Click here for Robbins' responses.Editor's Note: We asked the candidates for Somers Supervisor –Christine Robbins (D) and Somers Councilman Rick Morrissey (R) – a series of questions before the Election on Tuesday, Nov. 5. Below are Morrissey's responses.
Patch: Why did you decide to run for re-election?
Rick Morrissey: Somers is at a point where we can’t afford inexperience running our town. We have a lot of work to do and tough decisions need to be made. These decisions will not only have an impact on the future of Somers at large, but also our
financial well-being. I have watched Somers grow into a charming suburban town that has valued its unique rural characteristics. This has not happened by chance, but through strong fiscal policies, smart growth, and common sense bi-partisan practices that have preserved our fine town.
I intend to use my government budgeting experience to develop and continue sound fiscal practices while protecting tax payers and promoting business growth. It is imperative that, as Somers continues to grow, we focus on doing so in a well planned, balanced and smart direction. I am a full time resident of Somers and plan to be a full time Supervisor.
Patch: What personal or professional experiences qualify you to serve as a supervisor?
Morrissey: I hold a Masters of Public Administration degree and I am currently the Deputy Commissioner of Environmental Health for Westchester County. I am responsible for managing a $19 million budget and a staff of 90, all with a goal of protecting the approximately 1 million county residents. I have gained a unique expertise in government efficiency and have built the necessary skills to effectively run a large government organization. I have real-time knowledge and experience in disaster preparedness and response, in which I helped to craft the county’s response to 9/11, and most recently, Super Storms Irene, Lee, and Sandy.
I have extensive government, municipal and civic experience. Along with my county government experience as Deputy Commissioner of Environmental Health, I am completing my first 4-year term as Somers Town Councilman. I Chaired the Architectural Review Board for 18 years and Co-Chaired the Open Space Committee, which was responsible for the purchase of 654 acres, now known as the Angle Fly Preserve.
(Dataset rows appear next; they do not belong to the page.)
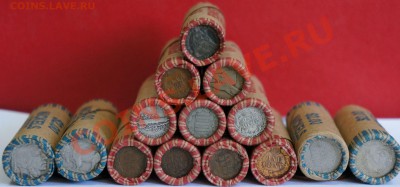 США 1 цент Индеец, 5 центов Либерти, Буффало и пр. в РОЛЛАХ - 1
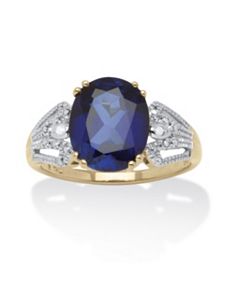 3.80 TCW Sapphire Ring by PalmBeach Jewelry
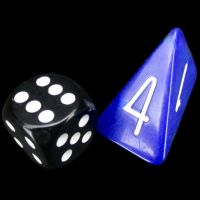 Tessellations Opaque Blue Wedge Shaped Skew D4 Dice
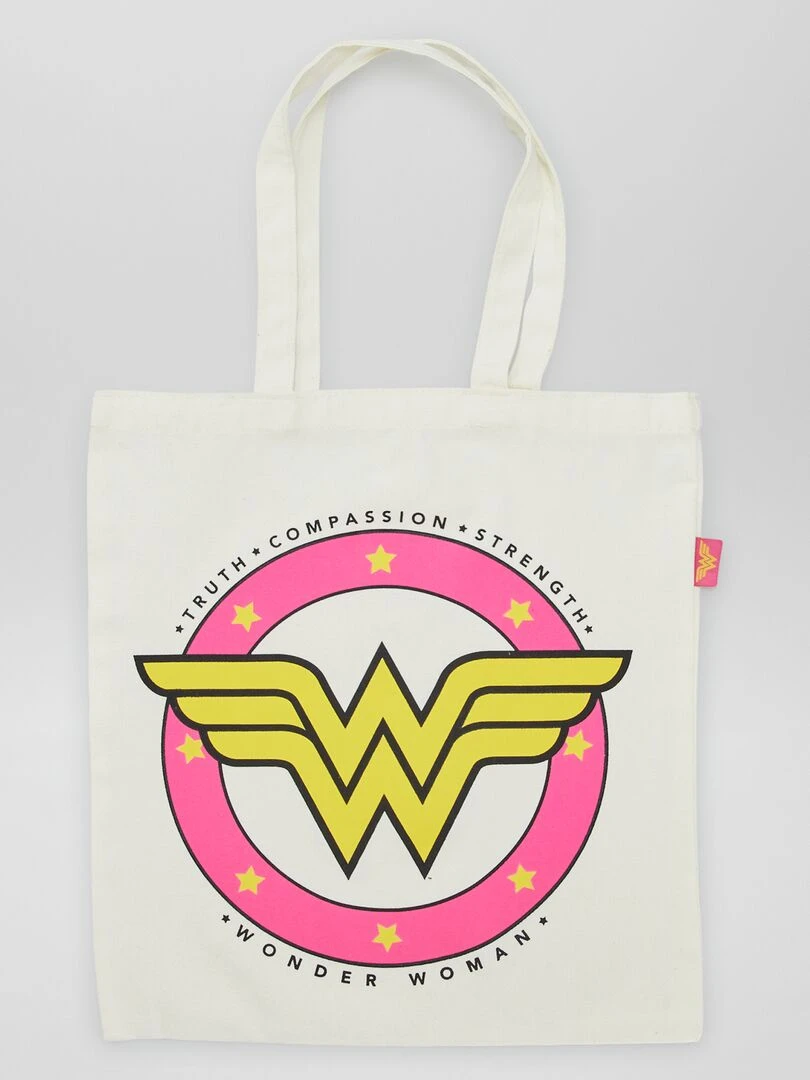 Tote bag 'Wonder Woman' Beige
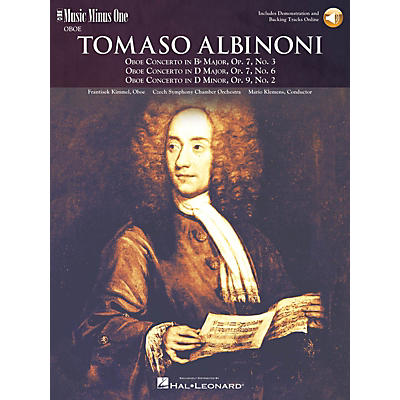 Music Minus One Albinoni - Oboe Concerti B-flat Op 7 No 3 D Maj Op 7 No 6 D Min Op 9 No 2 Music Minus One BK/CD by Kimmel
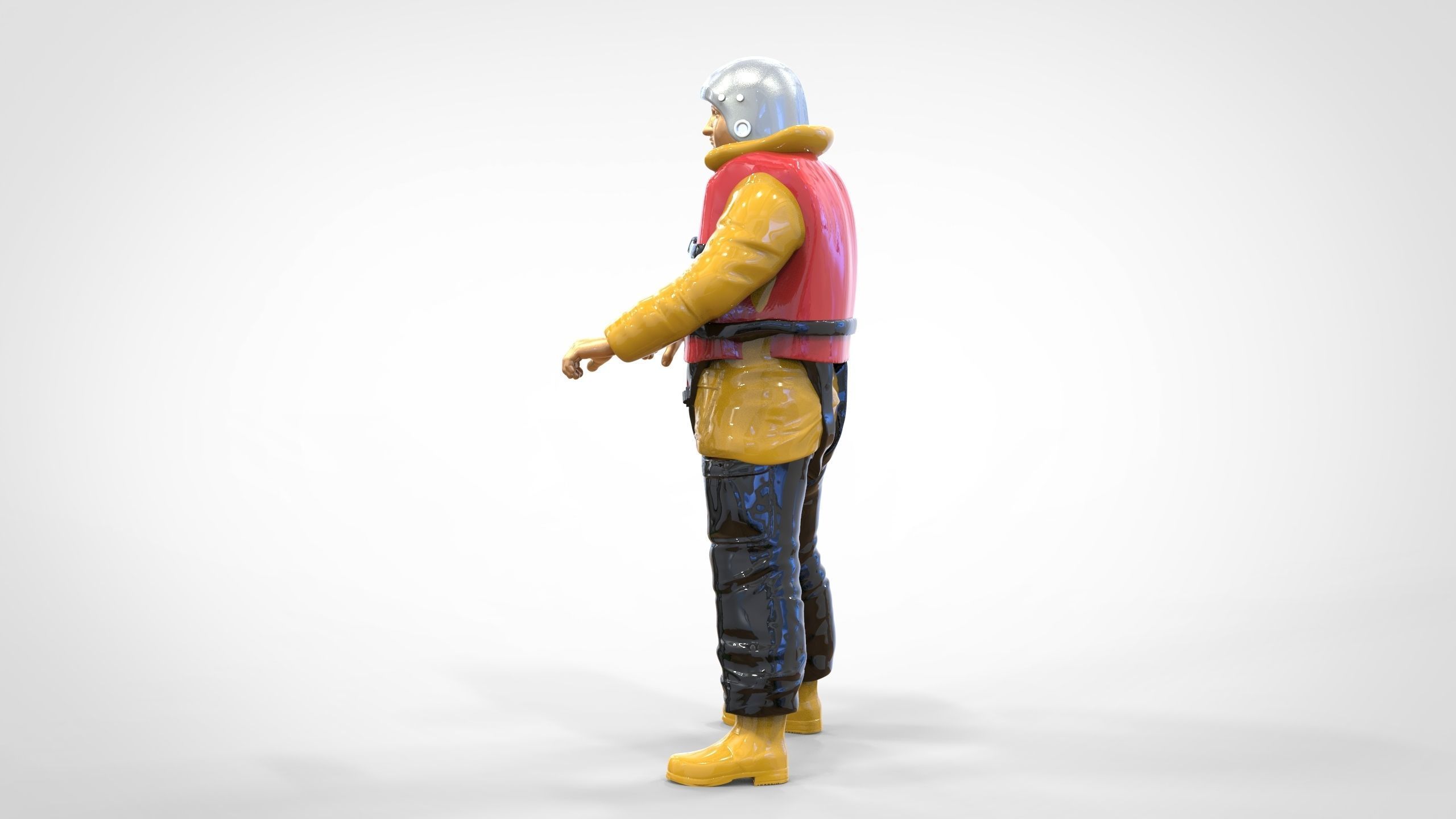 N10 Captain Royal National Lifeboat Institution RNLI Rescue crew 3D print model_12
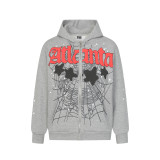 25ss cross-border foreign trade Sp555der American-style trendy brand foam letter full rhinestone hoodie sweatshirt and pants for men and women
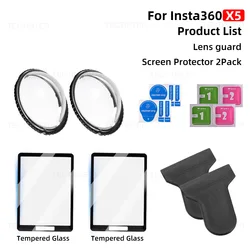 Screen Protector & Lens Guard Cap Kit with Tempered Glass Film - Anti - Scratch Protective Camera Accessories (X5Tempered Glass SET)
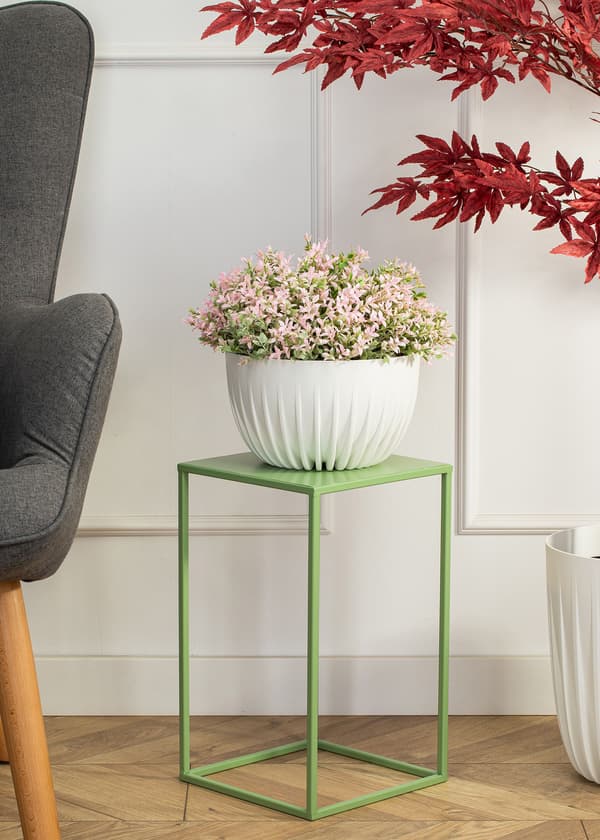 Vihreä seisova kukkateline 40 cm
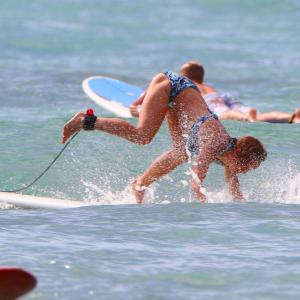 Surfing Oahu at Waikiki beach Hawaii At times your down! Jan 2011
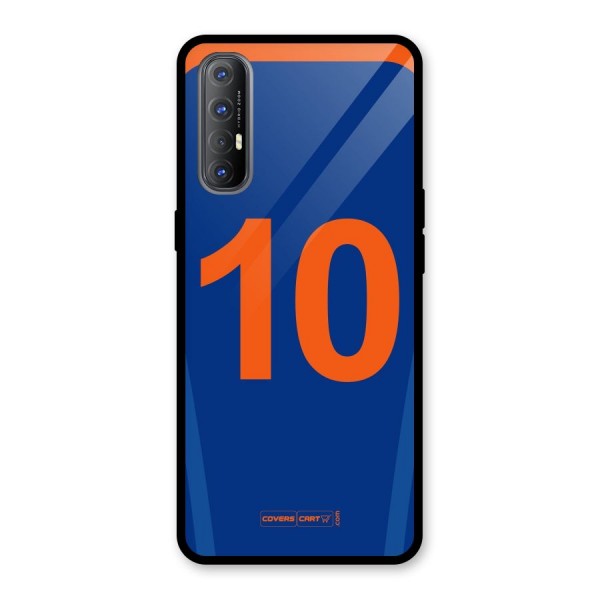 Blue Jersey Glass Back Case for Oppo Reno3 Pro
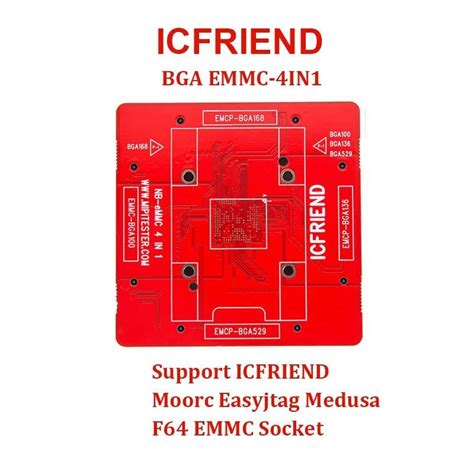 Icfriend UFS & eMMC Socket PCB – 297, 2-in-1, 5-in-1, 153 F64, 254 & 4 ...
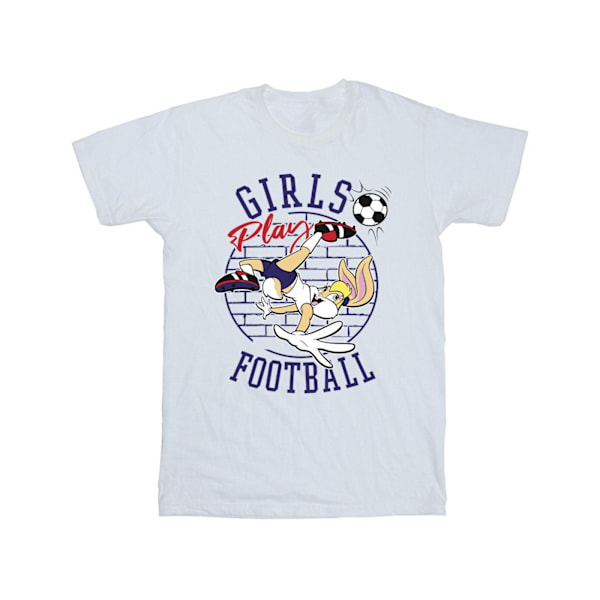 Looney Tunes Mens Lola Bunny Girls Play Football T-Shirt L Vit White L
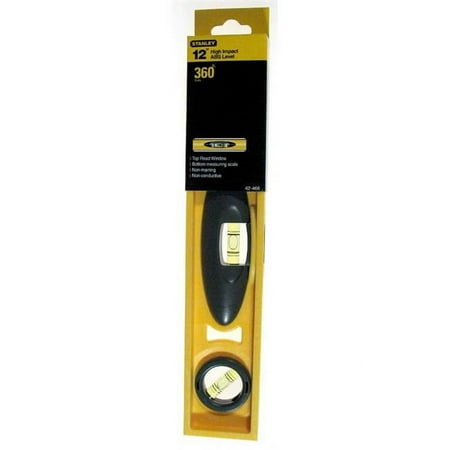 UPC: 0076174424669 | Stanley I-Beam Level  Yellow  42-466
I also served as a member of the Somers Ethics Board, s the Treasurer of the Somers Land Trust and a Past President of the Somers Lions Club.
I have dedicated myself to serving the residents of Somers for over 34 years, and believe I’ve reached a point in my life where I’d like to utilize my professional skills full time for the good of my community.
Patch: What are the top three issues facing town residents?
1) Protecting Tax Payers
One of the most attractive elements of living in Somers is our broad tax base. We are one of the lowest taxed communities in a County which is the highest taxed county in the nation. The Town government is efficient and has no extraneous positions. The Town Board has strived to bring in a budget under the States 2% tax cap for the past three years. One of reasons we can not remain at a zero tax in Somers is because we must meet salaries, health care, and retirement expenses. Through efficient use of tax payer dollars I intend to maintain he Town’s infrastructure while keeping a reserve fund for unexpected situations.
2) Promoting Business Growth
As anyone can see in our town there are a number of vacant businesses. I would like to meet with the Chamber of Commerce and discuss ways to promote small business growth. Building owners may be enticed to use their vacant space as incubators for home base entrepreneurs who could lease space and share common services such a network connections, printers, and copiers.
3) Preserving Essential Services
Preserving essential services for town residents will be a priority. Maintaining roads and keeping them safe throughout the year but especially in winter is mandatory as far as I am concerned. Additionally, maintaining services for our senior population is essential. Nutrition and transportation services are vital to our senior population and must remain intact.
Patch: Describe your campaign platform or how you differentiate yourself from your opponent's platform?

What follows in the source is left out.